• [Task brief]:
Please retype the records below exactly, from the first line through the line containing "Stühle|Kave Home Stuhl Konna Weiß", and leave out any pictures.

• [Raw data]:
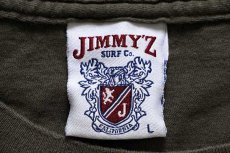 画像3: カナダ製 JIMMY'Zジミーズ 84 スカル コットンTシャツ オリーブ L (3)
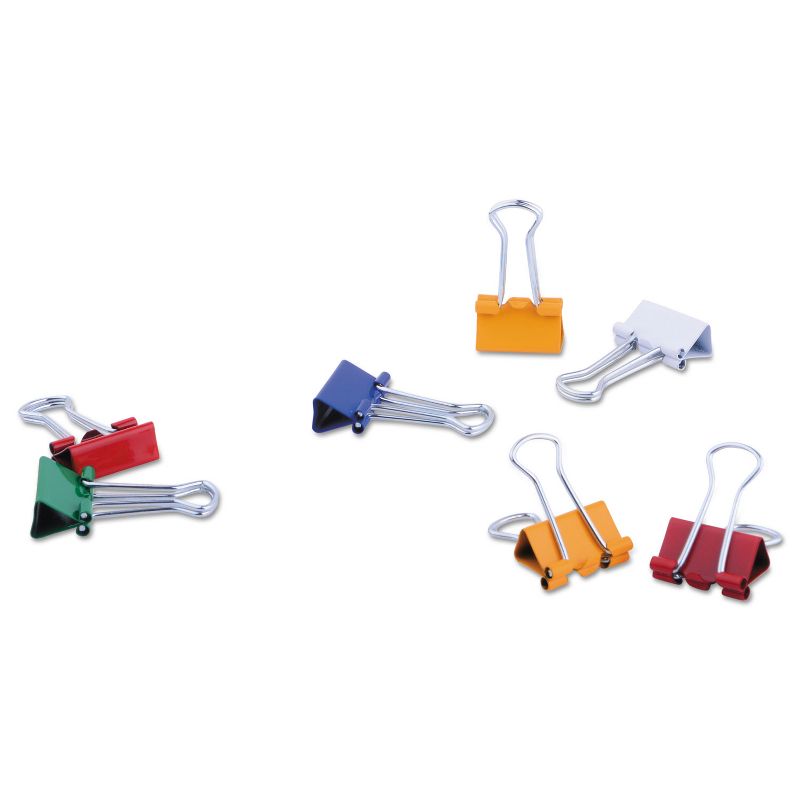 UNIVERSAL Mini Binder Clips 1/4" Capacity 1/2" Wide Assorted Colors 60/Pack 31027, 2 of 8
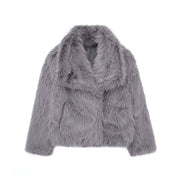 Noemi | Luxe Cropped Faux Fur Jas voor Dames - Elegant en Super Trendy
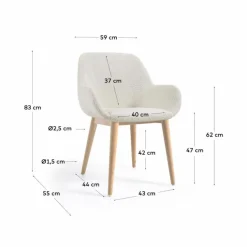 Stühle|Kave Home Stuhl Konna Weiß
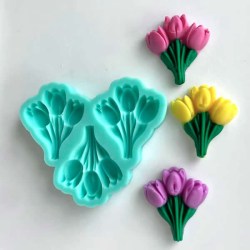 Molde_ramillete_tulipanes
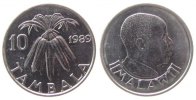 Malawi 10 Tambala 1989 Ni-St Maisbündel unz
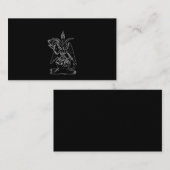 ヤギサタンブラック魔法ルシファーオカルトギフト 名刺 (正面/裏面)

• [Exercise result]:
 画像3: カナダ製 JIMMY'Zジミーズ 84 スカル コットンTシャツ オリーブ L (3)
 UNIVERSAL Mini Binder Clips 1/4" Capacity 1/2" Wide Assorted Colors 60/Pack 31027, 2 of 8
 Noemi | Luxe Cropped Faux Fur Jas voor Dames - Elegant en Super Trendy
 Stühle|Kave Home Stuhl Konna Weiß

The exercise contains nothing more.